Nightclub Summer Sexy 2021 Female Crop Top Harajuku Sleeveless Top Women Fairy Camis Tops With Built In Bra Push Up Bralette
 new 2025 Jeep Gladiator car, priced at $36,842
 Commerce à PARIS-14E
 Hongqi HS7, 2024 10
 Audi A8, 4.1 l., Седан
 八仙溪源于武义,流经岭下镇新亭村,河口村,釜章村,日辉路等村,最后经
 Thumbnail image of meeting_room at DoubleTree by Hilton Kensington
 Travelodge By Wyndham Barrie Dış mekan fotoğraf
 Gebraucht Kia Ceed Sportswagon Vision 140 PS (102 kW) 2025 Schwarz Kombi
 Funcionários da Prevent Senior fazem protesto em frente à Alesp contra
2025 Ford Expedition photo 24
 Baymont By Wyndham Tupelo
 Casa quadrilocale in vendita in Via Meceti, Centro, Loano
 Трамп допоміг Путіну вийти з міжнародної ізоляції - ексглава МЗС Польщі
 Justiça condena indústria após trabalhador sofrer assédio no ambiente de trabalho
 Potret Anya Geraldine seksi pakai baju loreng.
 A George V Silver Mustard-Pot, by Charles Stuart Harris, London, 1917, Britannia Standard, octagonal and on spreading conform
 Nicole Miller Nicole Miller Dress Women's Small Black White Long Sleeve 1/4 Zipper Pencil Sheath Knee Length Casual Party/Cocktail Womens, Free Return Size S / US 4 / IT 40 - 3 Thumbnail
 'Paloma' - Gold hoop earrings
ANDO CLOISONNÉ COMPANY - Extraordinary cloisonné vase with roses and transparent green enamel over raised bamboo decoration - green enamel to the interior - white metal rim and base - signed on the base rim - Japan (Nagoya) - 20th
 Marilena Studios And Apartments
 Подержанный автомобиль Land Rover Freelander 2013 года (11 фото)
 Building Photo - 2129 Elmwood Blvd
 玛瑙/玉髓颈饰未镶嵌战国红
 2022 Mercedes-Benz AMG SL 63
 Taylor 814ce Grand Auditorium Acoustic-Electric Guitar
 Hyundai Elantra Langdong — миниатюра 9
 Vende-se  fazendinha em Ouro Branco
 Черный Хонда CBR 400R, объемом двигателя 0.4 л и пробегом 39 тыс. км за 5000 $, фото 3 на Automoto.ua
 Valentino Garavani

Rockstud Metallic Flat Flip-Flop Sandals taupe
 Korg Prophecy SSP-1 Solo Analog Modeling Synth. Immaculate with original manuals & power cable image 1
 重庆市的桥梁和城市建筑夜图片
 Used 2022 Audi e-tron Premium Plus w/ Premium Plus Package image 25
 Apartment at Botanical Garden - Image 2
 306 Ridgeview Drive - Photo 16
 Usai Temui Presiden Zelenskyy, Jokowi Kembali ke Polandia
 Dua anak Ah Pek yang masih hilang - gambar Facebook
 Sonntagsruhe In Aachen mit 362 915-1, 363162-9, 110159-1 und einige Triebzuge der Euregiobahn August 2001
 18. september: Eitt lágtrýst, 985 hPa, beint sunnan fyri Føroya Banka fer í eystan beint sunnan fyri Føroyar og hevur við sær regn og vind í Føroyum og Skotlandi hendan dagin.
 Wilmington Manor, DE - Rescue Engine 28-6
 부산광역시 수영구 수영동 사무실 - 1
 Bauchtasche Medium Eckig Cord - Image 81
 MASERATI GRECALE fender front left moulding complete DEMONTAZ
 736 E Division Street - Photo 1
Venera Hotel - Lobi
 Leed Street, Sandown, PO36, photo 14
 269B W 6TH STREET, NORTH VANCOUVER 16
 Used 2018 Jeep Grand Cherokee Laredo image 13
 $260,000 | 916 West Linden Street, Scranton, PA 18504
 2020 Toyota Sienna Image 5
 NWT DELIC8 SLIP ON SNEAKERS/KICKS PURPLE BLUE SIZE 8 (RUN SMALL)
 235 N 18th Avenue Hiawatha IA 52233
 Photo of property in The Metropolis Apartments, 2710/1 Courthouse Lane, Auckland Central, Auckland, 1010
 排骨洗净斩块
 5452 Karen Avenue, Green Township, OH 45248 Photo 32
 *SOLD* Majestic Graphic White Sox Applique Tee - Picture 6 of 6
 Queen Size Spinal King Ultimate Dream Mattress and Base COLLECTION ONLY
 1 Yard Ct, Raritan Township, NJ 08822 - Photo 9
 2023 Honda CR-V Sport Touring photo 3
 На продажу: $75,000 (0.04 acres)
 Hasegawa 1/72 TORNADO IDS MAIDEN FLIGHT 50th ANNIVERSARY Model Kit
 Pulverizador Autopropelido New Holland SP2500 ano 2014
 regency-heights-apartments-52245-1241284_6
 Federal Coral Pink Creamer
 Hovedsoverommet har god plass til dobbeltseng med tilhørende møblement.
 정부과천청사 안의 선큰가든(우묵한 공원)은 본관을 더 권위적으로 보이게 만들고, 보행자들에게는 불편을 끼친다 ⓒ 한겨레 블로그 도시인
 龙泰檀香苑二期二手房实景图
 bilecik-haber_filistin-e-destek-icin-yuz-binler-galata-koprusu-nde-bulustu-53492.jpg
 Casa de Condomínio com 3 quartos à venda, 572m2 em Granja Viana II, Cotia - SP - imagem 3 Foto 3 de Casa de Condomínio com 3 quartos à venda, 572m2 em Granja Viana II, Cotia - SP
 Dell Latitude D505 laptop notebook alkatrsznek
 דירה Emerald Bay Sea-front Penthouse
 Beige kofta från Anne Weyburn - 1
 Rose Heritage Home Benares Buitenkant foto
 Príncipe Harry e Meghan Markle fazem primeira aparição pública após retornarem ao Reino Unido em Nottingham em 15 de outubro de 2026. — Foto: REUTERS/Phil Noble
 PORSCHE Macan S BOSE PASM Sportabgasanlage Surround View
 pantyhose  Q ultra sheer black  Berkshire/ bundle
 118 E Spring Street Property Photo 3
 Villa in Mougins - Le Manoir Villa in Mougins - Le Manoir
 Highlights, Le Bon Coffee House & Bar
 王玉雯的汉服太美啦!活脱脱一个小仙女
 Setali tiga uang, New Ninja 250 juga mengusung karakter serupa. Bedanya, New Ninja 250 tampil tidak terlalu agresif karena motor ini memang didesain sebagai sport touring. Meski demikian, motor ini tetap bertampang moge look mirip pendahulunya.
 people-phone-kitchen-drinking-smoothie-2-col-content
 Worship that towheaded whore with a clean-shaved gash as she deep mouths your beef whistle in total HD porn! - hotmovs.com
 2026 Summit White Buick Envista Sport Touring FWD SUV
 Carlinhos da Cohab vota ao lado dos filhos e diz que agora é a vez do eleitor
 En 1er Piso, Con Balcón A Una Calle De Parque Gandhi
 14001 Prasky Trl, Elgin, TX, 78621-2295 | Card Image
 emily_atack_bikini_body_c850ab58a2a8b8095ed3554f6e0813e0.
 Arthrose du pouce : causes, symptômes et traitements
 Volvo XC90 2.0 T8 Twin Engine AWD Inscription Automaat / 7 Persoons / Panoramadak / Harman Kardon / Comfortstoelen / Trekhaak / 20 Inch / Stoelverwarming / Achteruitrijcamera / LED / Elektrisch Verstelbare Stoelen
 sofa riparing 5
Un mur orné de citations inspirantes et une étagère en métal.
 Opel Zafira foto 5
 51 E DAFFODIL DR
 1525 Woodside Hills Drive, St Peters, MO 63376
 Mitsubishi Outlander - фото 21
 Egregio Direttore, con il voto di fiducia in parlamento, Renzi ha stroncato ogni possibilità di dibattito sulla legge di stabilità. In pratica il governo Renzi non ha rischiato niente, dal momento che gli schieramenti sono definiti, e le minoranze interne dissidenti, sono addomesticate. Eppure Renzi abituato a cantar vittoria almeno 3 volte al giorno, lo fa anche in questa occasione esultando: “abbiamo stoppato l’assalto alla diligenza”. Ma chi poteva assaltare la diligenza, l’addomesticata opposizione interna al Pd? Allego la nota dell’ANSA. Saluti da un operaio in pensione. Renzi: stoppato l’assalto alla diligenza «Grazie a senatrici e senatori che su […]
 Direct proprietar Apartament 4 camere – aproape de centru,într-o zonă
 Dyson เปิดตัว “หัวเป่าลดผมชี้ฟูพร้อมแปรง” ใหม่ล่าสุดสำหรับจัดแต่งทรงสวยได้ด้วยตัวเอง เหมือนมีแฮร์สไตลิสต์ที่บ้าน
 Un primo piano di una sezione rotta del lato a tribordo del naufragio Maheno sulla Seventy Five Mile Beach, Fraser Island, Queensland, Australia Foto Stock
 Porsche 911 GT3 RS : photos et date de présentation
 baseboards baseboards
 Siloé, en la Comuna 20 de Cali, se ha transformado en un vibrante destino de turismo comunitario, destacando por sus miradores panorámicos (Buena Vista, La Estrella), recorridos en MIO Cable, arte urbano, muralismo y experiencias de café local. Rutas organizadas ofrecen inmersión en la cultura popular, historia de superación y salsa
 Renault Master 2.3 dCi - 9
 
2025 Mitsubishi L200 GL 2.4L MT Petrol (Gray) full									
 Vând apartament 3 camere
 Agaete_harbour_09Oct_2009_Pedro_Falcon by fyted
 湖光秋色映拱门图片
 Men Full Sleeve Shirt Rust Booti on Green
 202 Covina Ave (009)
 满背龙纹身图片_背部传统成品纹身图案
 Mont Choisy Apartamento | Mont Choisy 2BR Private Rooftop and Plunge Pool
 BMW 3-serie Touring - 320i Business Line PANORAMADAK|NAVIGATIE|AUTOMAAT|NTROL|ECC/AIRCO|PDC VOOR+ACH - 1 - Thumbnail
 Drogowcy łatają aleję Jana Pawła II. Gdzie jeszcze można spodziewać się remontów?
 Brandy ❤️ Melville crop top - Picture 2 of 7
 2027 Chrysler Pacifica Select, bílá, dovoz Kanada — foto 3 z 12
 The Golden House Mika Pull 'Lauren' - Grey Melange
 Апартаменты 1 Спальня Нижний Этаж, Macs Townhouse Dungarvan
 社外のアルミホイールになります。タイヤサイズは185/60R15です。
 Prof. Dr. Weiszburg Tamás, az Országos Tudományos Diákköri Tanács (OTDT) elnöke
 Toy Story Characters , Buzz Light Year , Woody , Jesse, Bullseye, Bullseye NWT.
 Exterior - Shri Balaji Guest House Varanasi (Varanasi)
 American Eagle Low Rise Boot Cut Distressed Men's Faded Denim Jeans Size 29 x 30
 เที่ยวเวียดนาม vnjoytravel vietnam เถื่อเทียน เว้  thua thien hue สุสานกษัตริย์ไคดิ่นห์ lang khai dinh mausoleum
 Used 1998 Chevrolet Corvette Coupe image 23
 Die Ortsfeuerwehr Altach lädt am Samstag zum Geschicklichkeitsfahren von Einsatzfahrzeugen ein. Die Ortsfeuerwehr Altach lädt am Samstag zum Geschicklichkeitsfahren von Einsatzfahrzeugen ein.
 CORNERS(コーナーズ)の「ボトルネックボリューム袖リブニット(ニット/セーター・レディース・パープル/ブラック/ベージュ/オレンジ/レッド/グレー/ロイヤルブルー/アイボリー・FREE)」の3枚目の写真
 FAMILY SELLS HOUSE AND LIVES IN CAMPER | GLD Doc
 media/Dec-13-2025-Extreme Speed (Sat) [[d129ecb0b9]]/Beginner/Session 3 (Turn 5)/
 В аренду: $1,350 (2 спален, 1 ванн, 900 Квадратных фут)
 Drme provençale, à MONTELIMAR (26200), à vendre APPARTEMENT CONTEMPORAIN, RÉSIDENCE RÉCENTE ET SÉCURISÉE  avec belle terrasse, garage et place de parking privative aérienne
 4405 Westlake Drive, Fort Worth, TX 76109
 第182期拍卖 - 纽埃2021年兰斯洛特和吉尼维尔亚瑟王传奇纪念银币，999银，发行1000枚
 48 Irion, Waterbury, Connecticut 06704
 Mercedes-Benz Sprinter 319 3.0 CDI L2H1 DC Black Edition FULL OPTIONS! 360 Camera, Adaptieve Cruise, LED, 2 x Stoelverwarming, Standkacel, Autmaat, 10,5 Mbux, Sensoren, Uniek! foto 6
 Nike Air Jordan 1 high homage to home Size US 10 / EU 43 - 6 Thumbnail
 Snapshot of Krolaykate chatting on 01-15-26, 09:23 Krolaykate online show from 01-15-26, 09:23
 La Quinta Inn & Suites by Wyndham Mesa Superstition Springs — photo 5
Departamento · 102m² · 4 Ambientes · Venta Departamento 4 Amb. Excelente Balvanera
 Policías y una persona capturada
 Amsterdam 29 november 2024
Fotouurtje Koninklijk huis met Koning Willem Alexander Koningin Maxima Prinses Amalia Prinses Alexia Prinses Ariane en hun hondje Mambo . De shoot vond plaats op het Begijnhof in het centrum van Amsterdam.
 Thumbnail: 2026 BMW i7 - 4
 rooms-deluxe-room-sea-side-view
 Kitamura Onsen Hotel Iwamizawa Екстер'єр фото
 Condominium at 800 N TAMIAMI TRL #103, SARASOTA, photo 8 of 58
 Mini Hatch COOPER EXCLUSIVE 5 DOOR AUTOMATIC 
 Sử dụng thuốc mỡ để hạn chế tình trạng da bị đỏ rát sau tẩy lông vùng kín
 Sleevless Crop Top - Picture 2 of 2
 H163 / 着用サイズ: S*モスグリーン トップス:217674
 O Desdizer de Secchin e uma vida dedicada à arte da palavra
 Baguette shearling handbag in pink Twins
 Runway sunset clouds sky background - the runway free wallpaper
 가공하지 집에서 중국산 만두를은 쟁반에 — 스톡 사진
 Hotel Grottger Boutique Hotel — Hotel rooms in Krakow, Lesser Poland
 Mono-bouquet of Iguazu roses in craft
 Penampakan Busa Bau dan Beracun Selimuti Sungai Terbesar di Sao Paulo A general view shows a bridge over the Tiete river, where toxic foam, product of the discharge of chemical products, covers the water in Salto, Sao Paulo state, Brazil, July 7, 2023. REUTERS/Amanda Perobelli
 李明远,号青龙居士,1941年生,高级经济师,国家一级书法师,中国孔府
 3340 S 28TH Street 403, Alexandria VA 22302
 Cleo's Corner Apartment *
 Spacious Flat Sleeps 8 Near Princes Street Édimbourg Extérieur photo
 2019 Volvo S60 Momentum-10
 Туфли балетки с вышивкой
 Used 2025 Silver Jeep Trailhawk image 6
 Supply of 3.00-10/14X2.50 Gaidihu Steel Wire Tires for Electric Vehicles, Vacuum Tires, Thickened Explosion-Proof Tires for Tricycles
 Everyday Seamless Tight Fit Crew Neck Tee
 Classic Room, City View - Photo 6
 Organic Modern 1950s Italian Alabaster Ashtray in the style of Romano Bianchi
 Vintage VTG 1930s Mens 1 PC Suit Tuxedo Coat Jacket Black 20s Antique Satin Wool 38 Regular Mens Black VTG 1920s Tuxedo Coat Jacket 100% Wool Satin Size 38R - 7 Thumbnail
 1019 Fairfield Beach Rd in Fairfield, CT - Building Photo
· · ·
Reproduce precisely the span of lines that begins at the line containing "가공하지 집에서 중국산 만두를은 쟁반에 — 스톡 사진" and ends with the last line of the listing.

* [Answer to this task]
 가공하지 집에서 중국산 만두를은 쟁반에 — 스톡 사진
 Hotel Grottger Boutique Hotel — Hotel rooms in Krakow, Lesser Poland
 Mono-bouquet of Iguazu roses in craft
 Penampakan Busa Bau dan Beracun Selimuti Sungai Terbesar di Sao Paulo A general view shows a bridge over the Tiete river, where toxic foam, product of the discharge of chemical products, covers the water in Salto, Sao Paulo state, Brazil, July 7, 2023. REUTERS/Amanda Perobelli
 李明远,号青龙居士,1941年生,高级经济师,国家一级书法师,中国孔府
 3340 S 28TH Street 403, Alexandria VA 22302
 Cleo's Corner Apartment *
 Spacious Flat Sleeps 8 Near Princes Street Édimbourg Extérieur photo
 2019 Volvo S60 Momentum-10
 Туфли балетки с вышивкой
 Used 2025 Silver Jeep Trailhawk image 6
 Supply of 3.00-10/14X2.50 Gaidihu Steel Wire Tires for Electric Vehicles, Vacuum Tires, Thickened Explosion-Proof Tires for Tricycles
 Everyday Seamless Tight Fit Crew Neck Tee
 Classic Room, City View - Photo 6
 Organic Modern 1950s Italian Alabaster Ashtray in the style of Romano Bianchi
 Vintage VTG 1930s Mens 1 PC Suit Tuxedo Coat Jacket Black 20s Antique Satin Wool 38 Regular Mens Black VTG 1920s Tuxedo Coat Jacket 100% Wool Satin Size 38R - 7 Thumbnail
 1019 Fairfield Beach Rd in Fairfield, CT - Building Photo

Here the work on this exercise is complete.